Friday, 29 December 2017

Cybersecurity: Use Fake Answers to Online Security Questions

The sign up processes for online banking accounts, new email addresses, or health insurance apps all involve a few extra security measures to protect the precious data inside those accounts. Unfortunately, the security questions they make you answer aren’t exactly secure. Your mother’s maiden name just won’t cut it anymore and, according to the New York Times, might cost you your credit score if someone gains access to your personal information. It’s time to strengthen your security questions to keep the bad guys out of your accounts.

Security questions ask for information about your actual life, information anyone can easily obtain either through social media or from data breaches like the recent Equifax debacle. It’s not too hard to figure out which car you drove in college, or your mother’s maiden name (it’s probably on her Facebook page). Answering truthfully isn’t the greatest idea, though you can always try a different approach before pulling out the big guns.

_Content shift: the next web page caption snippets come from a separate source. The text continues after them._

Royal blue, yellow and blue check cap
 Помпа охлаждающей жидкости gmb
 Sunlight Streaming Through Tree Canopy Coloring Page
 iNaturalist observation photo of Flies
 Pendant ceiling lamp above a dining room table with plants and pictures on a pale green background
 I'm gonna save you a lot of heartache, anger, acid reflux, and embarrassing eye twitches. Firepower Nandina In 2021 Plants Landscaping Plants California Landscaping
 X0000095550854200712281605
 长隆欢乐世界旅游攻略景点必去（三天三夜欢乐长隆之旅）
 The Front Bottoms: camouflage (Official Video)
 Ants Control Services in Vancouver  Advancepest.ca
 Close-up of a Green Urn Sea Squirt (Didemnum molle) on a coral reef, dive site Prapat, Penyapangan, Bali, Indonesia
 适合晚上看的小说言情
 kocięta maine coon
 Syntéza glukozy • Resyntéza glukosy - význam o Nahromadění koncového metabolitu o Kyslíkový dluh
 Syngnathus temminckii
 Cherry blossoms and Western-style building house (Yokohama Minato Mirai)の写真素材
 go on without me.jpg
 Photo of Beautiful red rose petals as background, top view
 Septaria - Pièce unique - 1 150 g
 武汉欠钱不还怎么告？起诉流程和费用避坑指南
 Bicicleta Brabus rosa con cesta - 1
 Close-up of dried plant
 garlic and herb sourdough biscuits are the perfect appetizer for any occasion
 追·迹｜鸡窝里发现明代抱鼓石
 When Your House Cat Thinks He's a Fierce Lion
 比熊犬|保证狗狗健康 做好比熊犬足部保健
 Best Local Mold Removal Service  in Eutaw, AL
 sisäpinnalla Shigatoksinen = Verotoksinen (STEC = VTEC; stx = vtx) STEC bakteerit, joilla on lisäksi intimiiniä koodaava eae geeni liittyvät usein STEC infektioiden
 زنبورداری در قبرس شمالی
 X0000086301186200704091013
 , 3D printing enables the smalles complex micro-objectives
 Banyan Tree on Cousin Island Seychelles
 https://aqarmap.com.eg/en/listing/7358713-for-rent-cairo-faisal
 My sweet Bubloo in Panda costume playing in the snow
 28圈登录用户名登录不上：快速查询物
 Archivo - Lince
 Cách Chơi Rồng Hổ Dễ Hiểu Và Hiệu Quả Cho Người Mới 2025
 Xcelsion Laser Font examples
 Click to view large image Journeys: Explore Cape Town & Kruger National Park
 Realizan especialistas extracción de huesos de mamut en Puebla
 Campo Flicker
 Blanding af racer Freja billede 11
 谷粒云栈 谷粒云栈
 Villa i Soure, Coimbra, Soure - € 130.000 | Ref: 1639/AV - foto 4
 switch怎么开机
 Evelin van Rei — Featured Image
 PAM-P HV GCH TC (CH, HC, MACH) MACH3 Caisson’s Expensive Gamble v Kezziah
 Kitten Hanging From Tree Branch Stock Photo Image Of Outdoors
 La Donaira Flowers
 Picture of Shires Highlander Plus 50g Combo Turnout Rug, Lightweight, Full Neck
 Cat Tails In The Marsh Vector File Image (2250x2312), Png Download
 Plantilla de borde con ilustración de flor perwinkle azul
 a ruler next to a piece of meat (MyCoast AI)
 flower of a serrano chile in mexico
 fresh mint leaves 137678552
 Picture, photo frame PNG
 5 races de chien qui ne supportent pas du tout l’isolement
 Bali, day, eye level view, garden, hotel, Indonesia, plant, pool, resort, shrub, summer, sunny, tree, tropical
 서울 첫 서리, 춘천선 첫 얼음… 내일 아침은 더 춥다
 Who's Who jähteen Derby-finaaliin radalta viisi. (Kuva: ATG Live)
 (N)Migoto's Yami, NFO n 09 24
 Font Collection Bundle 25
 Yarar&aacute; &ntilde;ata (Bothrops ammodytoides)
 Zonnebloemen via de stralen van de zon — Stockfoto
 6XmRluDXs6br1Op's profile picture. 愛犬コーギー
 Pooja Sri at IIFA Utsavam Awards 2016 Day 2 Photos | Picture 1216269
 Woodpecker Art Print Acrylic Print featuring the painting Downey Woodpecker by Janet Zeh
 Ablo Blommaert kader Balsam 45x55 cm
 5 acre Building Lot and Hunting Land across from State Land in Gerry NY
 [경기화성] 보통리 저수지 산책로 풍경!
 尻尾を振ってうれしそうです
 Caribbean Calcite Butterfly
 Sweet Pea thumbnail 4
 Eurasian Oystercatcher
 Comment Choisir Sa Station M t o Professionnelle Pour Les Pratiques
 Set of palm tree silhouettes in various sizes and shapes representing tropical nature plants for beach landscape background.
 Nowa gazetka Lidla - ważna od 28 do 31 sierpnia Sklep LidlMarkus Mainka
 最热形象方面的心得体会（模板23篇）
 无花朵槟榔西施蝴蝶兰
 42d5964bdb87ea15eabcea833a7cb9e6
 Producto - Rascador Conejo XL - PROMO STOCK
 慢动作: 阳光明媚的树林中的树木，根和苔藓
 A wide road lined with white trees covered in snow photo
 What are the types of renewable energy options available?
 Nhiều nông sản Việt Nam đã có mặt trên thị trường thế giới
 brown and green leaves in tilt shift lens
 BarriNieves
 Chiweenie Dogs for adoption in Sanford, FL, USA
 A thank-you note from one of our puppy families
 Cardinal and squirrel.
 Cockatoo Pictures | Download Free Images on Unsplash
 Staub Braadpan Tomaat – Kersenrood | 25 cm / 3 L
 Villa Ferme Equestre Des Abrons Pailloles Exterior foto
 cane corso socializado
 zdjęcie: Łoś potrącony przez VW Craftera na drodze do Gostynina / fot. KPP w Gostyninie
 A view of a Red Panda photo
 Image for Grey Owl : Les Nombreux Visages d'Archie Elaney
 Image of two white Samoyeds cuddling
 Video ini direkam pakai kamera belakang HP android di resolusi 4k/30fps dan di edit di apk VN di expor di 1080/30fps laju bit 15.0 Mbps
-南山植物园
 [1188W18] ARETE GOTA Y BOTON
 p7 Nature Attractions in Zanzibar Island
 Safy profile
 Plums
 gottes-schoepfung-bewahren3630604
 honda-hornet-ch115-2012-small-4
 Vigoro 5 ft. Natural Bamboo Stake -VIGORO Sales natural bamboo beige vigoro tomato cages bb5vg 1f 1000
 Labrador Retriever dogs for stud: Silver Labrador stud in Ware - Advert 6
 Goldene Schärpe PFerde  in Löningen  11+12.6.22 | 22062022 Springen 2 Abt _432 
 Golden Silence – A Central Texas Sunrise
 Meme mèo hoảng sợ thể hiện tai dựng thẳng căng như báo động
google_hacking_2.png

Just Lie—With the Help of a Password Manager

Your first car? Just write your dream car, or the car you’re planning on buying. Mother’s maiden name? Easy, just make it whatever irksome term of endearment she used to address you before asking you to get those dishes done. As long as those answers aren’t searchable, you should generate incorrect answers and keep them secure.
Of course, you want to make sure you can keep track of all the false responses you’ve concocted, and keeping your new, false responses secure means storing them with the rest of your secure data. Turn to your favorite password manager to store your security questions and answers (or generate better ones). You can create a spreadsheet for all of them, or just write your questions and bogus answers in the notes field of the corresponding site or service (assuming you already have it in your manager of choice).
For added peace of mind, you should use the password generator in your password manager to generate more varied answers compared to simply using “incorrect” responses. Fe5h&R<v1 is harder to guess than Meredith, even if both aren’t the actual name of your prom date.